Diving Deeper into Big Data
This fall, associate professor of statistics Martin Slawski will launch a project focused on developing software for analyzing and linking disparate data sets in a way that will provide researchers and others with more effective options for mining Big Data.
The project, funded by the National Science Foundation’s Office of Advanced Cyber Infrastructure, provides Slawski, his partners at Brown and Johns Hopkins University, and their graduate students with $600,000 over the next three years to develop a new approach to combining data from different sources, like survey data and administrative data, into more comprehensive data sets using inexact identifiers such as names, demographics, addresses or even more ambiguous commonalities.
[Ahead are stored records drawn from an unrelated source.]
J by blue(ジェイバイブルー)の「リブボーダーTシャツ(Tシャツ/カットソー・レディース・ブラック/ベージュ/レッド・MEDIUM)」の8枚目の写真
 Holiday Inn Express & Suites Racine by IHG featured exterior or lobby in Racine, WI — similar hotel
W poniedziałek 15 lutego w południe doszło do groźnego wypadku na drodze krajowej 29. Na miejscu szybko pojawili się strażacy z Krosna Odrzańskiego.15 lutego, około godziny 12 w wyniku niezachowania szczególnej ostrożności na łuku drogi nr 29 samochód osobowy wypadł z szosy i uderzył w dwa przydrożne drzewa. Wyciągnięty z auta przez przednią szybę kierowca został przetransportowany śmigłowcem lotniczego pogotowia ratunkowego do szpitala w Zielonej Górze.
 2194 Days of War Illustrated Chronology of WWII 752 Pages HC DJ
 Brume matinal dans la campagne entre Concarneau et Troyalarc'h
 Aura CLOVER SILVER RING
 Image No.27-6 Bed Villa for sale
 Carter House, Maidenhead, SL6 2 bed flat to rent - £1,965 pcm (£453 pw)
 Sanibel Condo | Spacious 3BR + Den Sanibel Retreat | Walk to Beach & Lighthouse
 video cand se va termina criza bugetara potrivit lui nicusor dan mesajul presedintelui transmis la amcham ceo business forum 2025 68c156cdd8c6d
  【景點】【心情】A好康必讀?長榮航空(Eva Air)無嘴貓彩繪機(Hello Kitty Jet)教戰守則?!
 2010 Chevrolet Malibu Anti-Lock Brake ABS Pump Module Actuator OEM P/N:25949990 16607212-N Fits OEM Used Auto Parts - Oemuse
With some estimates placing the amount of data that humans create at around 2.5 quintillion bytes every day, the challenge of using the data is becoming vastly more challenging, but Slawski, whose background is in both statistics and computer science, has already applied his methods to the problem of identifying systematic biases in the criminal justice system by comparing data generated at different stages of the criminal justice process, and he is planning to use it to help the National Institutes of Health’s National Institute of Aging better understand the healthcare outcomes of programs like Meals on Wheels.
“Often you don’t have all the information you need in a single file, so rather than recollect that information, which is costly, the idea is to use the information you have and link it,” Slawski said.
A statistician and a computer scientist, Slawski brings expertise in both fields to his work in making data analysis more accurate in a way that will produce findings with greater validity and minimize security and privacy risks.
“Both fields have very different perspectives on data analysis, but when you bring them together, they can be very complementary,” Slawski said. “It’s important to see the problem from both angles.”